Legislative act cannot be held unconstitutional except by concurrence of five Judges of Supreme Court. Sommerville v. Johnson, 149 Neb. 167, 30 N.W.2d 577 (1948); Mehrens v. Greenleaf, 119 Neb. 82, 227 N.W. 325 (1929).
District judge was empowered to sit with all the powers of the Supreme Court under this provision. ConAgra, Inc. v. Cargill, Inc., 223 Neb. 92, 388 N.W.2d 458 (1986).
Purpose of this provision was to create an elastic system which would enable the court to clear its docket, keep it so, and ultimately allow matters to be determined by a full court of seven judges. ConAgra, Inc. v. Cargill, Inc., 223 Neb. 92, 388 N.W.2d 458 (1986).
The Nebraska Constitution clearly permits district court judges, retired or not, to act as associate Supreme Court judges when necessary for prompt submission and determination of causes. ConAgra, Inc. v. Cargill, Inc., 223 Neb. 92, 388 N.W.2d 458 (1986).
Case on appeal first heard by a division of the Supreme Court and opinion adopted was set for reargument before the full court, and by it affirmed. State v. Schrader, 196 Neb. 632, 244 N.W.2d 498 (1976).
Cited in determining constitutionality of law relating to sale of school lands. State ex rel. Belker v. Board of Educational Lands & Funds, 184 Neb. 621, 171 N.W.2d 156 (1969).
Cited in determining constitutionality of section of Juvenile Court Act. DeBacker v. Brainard, 183 Neb. 461, 161 N.W.2d 508 (1968).
Except in the exercise of its appellate jurisdiction, the Supreme Court is a court of limited and enumerated powers. Sorensen v. Swanson, 181 Neb. 205, 147 N.W.2d 620 (1967).
District judge may be designated to act as Judge of Supreme Court whenever necessary for prompt submission and determination of causes. Ruehle v. Ruehle, 161 Neb. 691, 74 N.W.2d 689 (1956).
Constitutional questions will not be decided unless necessary to a determination of the case and the protection of some substantial right. State ex rel. Nelson v. Butler, 145 Neb. 638, 17 N.W.2d 683 (1945).
Suit involving constitutional question may be decided on stipulation that absent Justice should participate on briefs. Bauer v. State Game, Forestation & Parks Commission, 138 Neb. 436, 293 N.W. 282 (1940).
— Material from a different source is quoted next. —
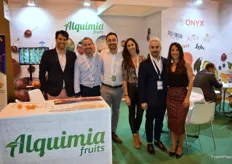 Martín Cousiño, Manuel Baides, Joao Juma, Miriam Ruiz y Lázaro Pérez, en el stand de Alquimia fruits. 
Power to correct errors in their own proceedings is inherent in all courts of general jurisdiction. Gate City Co. v. Douglas County, 135 Neb. 531, 282 N.W. 532 (1938).
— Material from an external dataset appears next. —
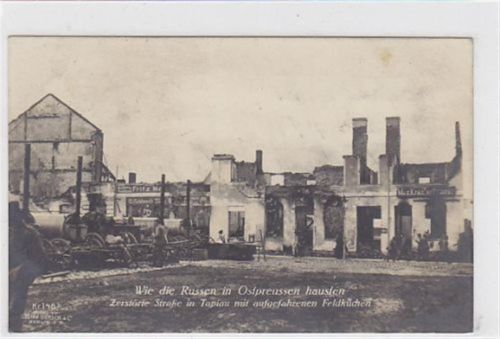 wie die Russen in Ostpreussen hausten. zerstörte Straße in Tapiau - Gwardeisk / Kreis Wehlau - Snamensk mit aufgefahrenen Feldküchen. 1915 Feldpost Vorder- und Rückseite fleckig, sonst gut erhalten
Private rights of parties which have been vested by the judgment of a court cannot be taken away by subsequent legislation. Mooney v. Drainage Dist. No. 1 of Richardson County, 134 Neb. 192, 278 N.W. 368 (1938).
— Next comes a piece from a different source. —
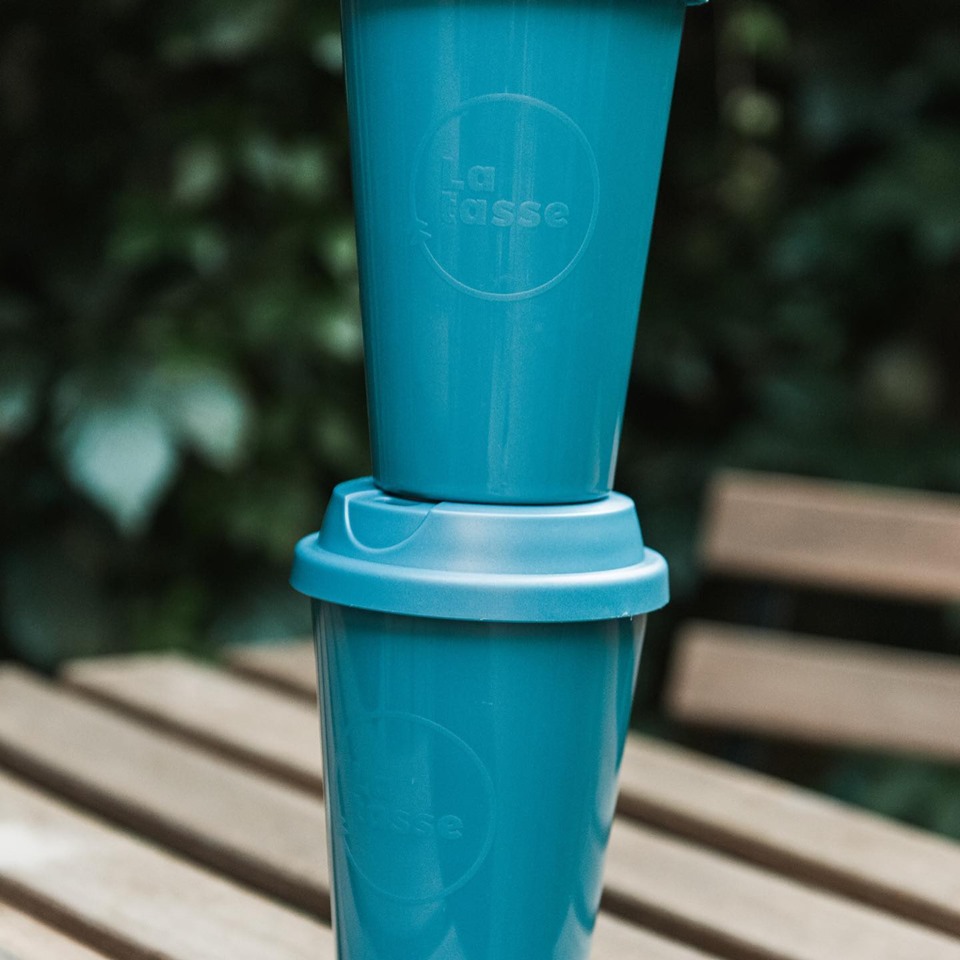 Deux commerces de La Prairie encouragent les tasses recyclables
It is the duty of the Supreme Court not to legislate but to expound the law as written. Ray v. Sanitary Garbage Co., 134 Neb. 178, 278 N.W. 139 (1938).
The Supreme Court has inherent constitutional powers to determine whether facts on which emergency legislation is based have ceased to exist or ever did, in fact, exist. First Trust Co. of Lincoln v. Smith, 134 Neb. 84, 277 N.W. 762 (1938).
Supreme Court is constituted a separate class with respect to payment of salary. State ex rel. Day v. Hall, 129 Neb. 699, 262 N.W. 850 (1935); State ex rel. Taylor v. Hall, 129 Neb. 669, 262 N.W. 835 (1935).
The word "revenue" refers only to those revenues for general state administration and not to those of municipal corporation. Aachen & Munich Fire Insurance Co. v. City of Omaha, 72 Neb. 112, 100 N.W. 137 (1904).
Proceeding by quo warranto is as civil remedy, and is the means employed by state to cancel and recall privilege which corporation has abused. State v. Standard Oil Co., 61 Neb. 28, 84 N.W. 413 (1900); State v. Nebraska Distilling Co., 29 Neb. 700, 46 N.W. 155 (1890).
Jury trial in original quo warranto action in Supreme Court is not demandable as of right. State ex rel. Broatch v. Moores, 56 Neb. 1, 76 N.W. 530 (1898).